#### Activity
Ignoring the pictures, repeat every entry below exactly as it appears.

━━━━━ Exercise materials

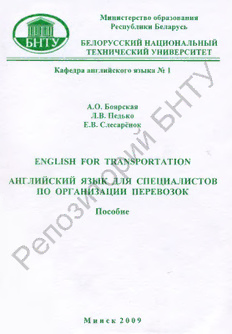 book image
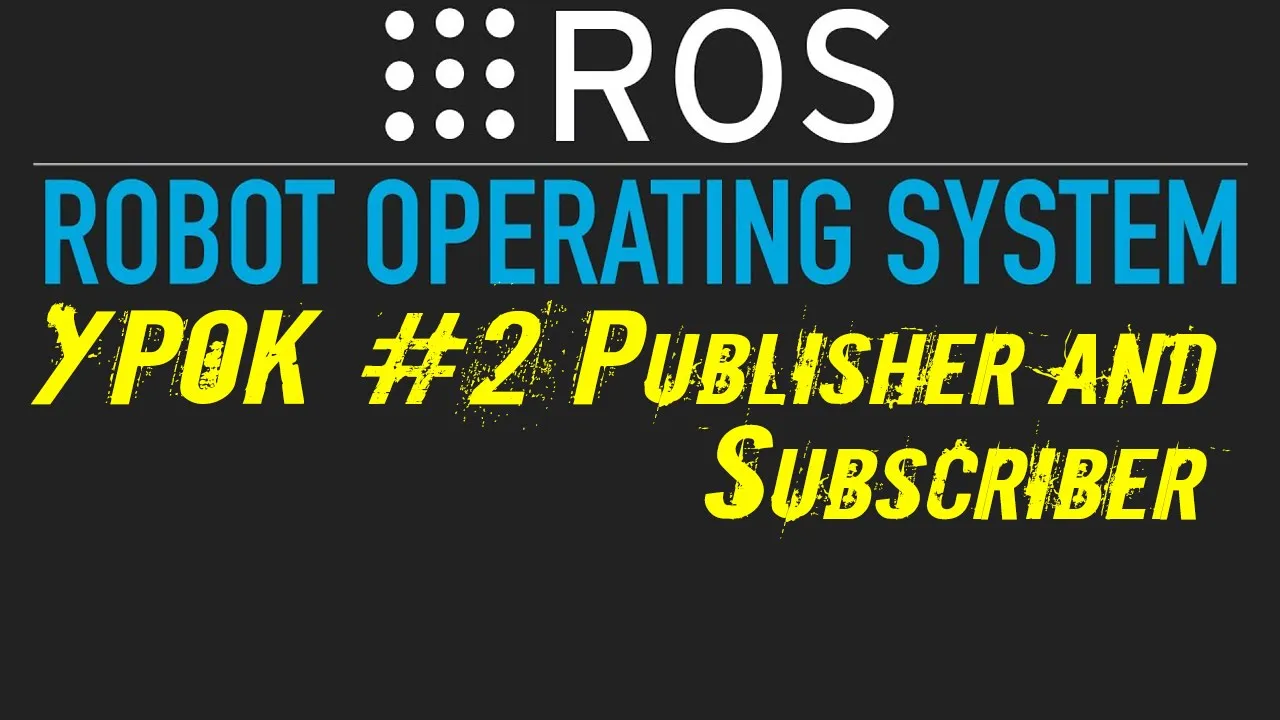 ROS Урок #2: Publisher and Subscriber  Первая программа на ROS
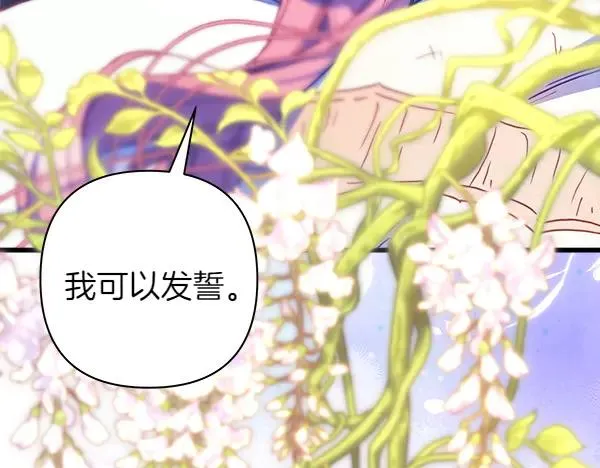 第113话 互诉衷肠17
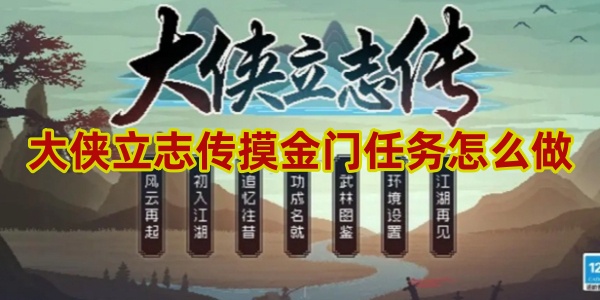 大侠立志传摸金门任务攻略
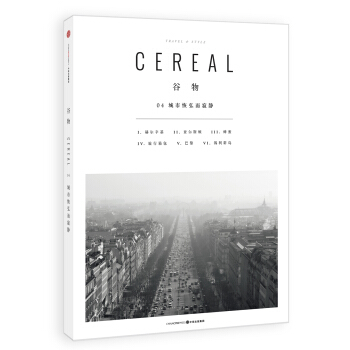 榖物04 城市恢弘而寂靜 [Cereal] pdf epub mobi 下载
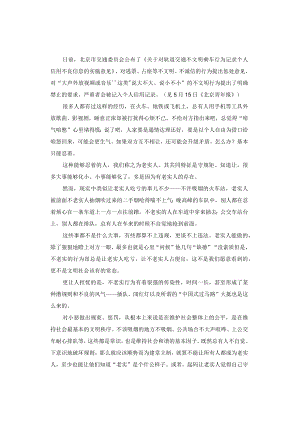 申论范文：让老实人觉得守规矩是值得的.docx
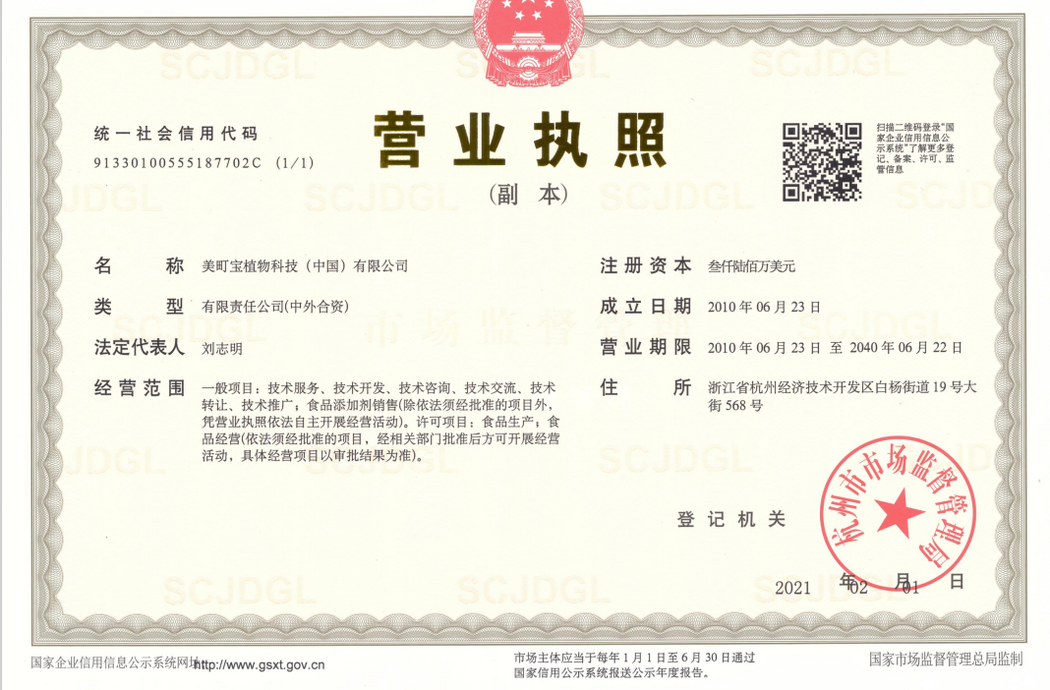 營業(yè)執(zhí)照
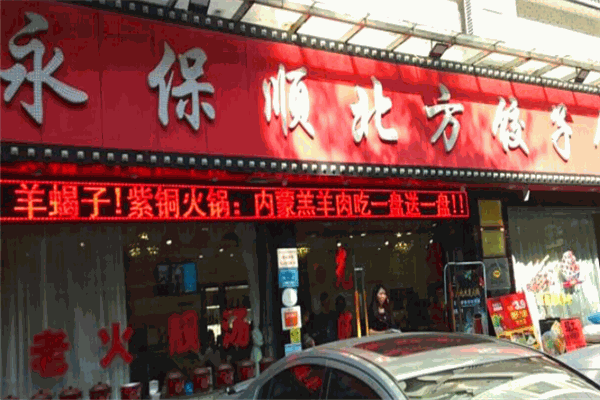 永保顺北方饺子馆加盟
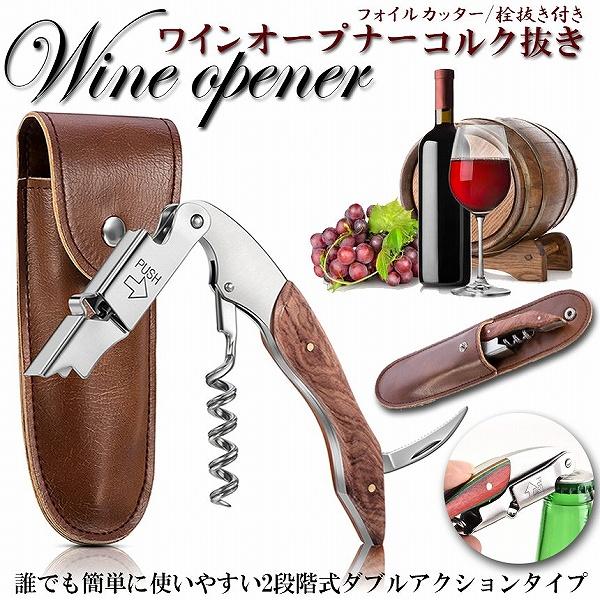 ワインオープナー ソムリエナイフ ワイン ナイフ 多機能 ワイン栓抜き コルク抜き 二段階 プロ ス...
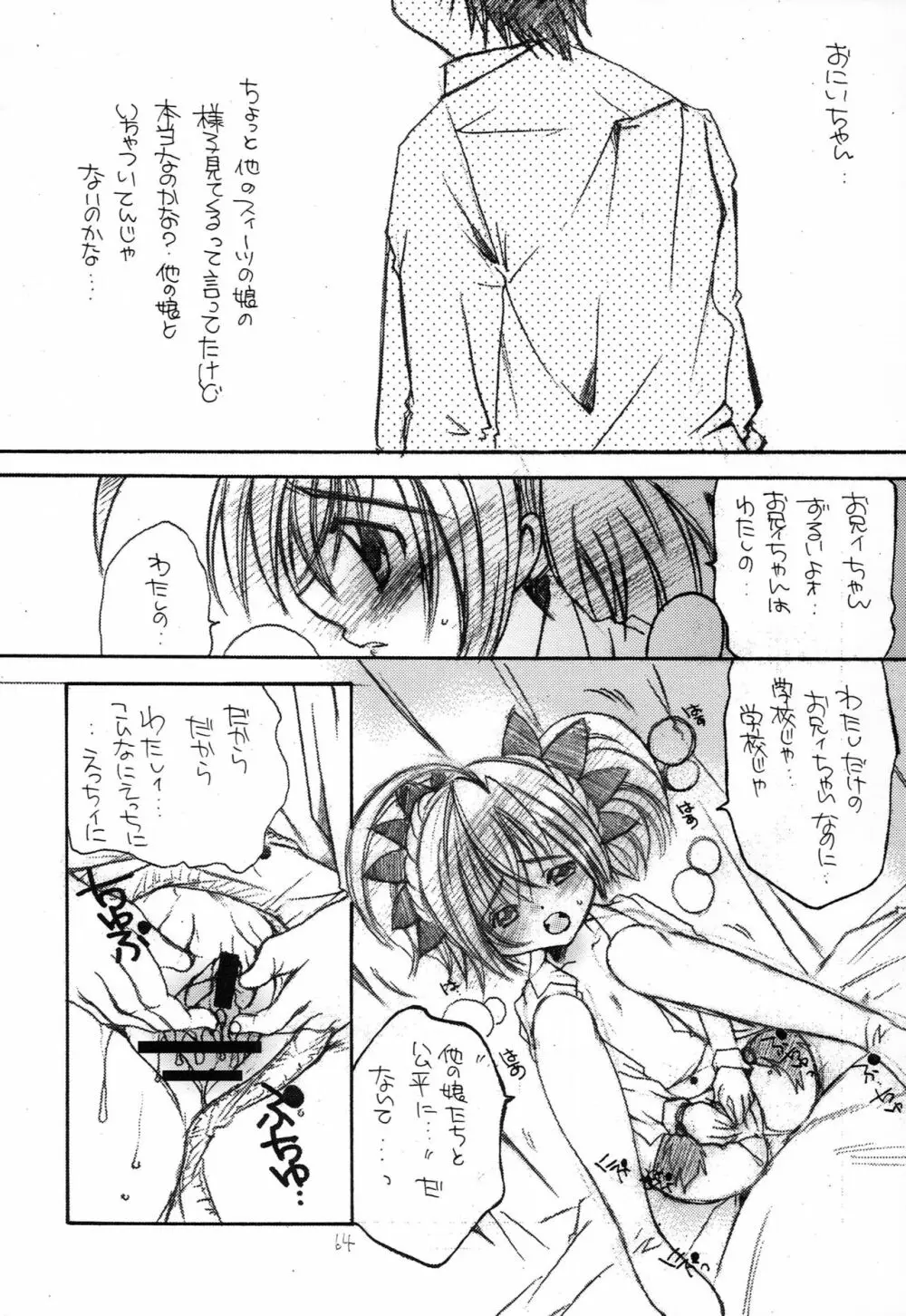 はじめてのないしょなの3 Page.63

━━━━━━━━━━

#### Solution to this exercise
 book image
 ROS Урок #2: Publisher and Subscriber  Первая программа на ROS
 第113话 互诉衷肠17
 大侠立志传摸金门任务攻略
 榖物04 城市恢弘而寂靜 [Cereal] pdf epub mobi 下载
 申论范文：让老实人觉得守规矩是值得的.docx
 營業(yè)執(zhí)照
 永保顺北方饺子馆加盟
 ワインオープナー ソムリエナイフ ワイン ナイフ 多機能 ワイン栓抜き コルク抜き 二段階 プロ ス...
 はじめてのないしょなの3 Page.63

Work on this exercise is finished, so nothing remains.